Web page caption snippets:
────────────────────────────────────────

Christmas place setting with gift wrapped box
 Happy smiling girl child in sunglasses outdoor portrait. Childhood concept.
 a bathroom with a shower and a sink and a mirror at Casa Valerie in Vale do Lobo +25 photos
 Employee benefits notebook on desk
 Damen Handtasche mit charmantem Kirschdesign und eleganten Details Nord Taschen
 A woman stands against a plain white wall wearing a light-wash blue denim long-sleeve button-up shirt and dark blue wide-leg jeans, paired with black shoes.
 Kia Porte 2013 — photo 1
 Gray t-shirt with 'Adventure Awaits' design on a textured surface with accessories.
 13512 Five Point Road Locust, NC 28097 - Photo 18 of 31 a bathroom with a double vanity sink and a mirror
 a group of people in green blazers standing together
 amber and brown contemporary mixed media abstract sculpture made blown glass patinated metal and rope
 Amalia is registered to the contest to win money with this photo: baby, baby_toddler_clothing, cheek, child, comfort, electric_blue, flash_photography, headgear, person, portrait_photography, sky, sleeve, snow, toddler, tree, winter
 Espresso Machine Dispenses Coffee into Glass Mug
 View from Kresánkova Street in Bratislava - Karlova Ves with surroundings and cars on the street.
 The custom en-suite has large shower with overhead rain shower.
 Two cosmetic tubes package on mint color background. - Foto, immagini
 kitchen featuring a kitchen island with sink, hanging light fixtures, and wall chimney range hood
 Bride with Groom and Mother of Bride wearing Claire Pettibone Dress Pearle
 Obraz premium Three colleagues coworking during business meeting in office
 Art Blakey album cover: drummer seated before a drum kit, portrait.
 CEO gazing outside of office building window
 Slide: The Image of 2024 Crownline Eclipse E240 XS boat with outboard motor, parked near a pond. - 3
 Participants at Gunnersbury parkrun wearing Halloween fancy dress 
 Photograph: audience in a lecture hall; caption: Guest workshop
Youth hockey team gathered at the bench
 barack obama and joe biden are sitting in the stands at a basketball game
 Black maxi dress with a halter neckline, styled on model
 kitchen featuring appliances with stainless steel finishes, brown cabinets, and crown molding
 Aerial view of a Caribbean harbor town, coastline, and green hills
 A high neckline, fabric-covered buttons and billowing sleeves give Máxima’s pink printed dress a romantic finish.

────────────────────────────────────────

WHAT IS NEEDED: Above are the entries. Output exactly the lines beginning with the line that has "Damen Handtasche mit" and ending with the line that has "Aerial view of".

OUTPUT BELOW:
 Damen Handtasche mit charmantem Kirschdesign und eleganten Details Nord Taschen
 A woman stands against a plain white wall wearing a light-wash blue denim long-sleeve button-up shirt and dark blue wide-leg jeans, paired with black shoes.
 Kia Porte 2013 — photo 1
 Gray t-shirt with 'Adventure Awaits' design on a textured surface with accessories.
 13512 Five Point Road Locust, NC 28097 - Photo 18 of 31 a bathroom with a double vanity sink and a mirror
 a group of people in green blazers standing together
 amber and brown contemporary mixed media abstract sculpture made blown glass patinated metal and rope
 Amalia is registered to the contest to win money with this photo: baby, baby_toddler_clothing, cheek, child, comfort, electric_blue, flash_photography, headgear, person, portrait_photography, sky, sleeve, snow, toddler, tree, winter
 Espresso Machine Dispenses Coffee into Glass Mug
 View from Kresánkova Street in Bratislava - Karlova Ves with surroundings and cars on the street.
 The custom en-suite has large shower with overhead rain shower.
 Two cosmetic tubes package on mint color background. - Foto, immagini
 kitchen featuring a kitchen island with sink, hanging light fixtures, and wall chimney range hood
 Bride with Groom and Mother of Bride wearing Claire Pettibone Dress Pearle
 Obraz premium Three colleagues coworking during business meeting in office
 Art Blakey album cover: drummer seated before a drum kit, portrait.
 CEO gazing outside of office building window
 Slide: The Image of 2024 Crownline Eclipse E240 XS boat with outboard motor, parked near a pond. - 3
 Participants at Gunnersbury parkrun wearing Halloween fancy dress 
 Photograph: audience in a lecture hall; caption: Guest workshop
Youth hockey team gathered at the bench
 barack obama and joe biden are sitting in the stands at a basketball game
 Black maxi dress with a halter neckline, styled on model
 kitchen featuring appliances with stainless steel finishes, brown cabinets, and crown molding
 Aerial view of a Caribbean harbor town, coastline, and green hills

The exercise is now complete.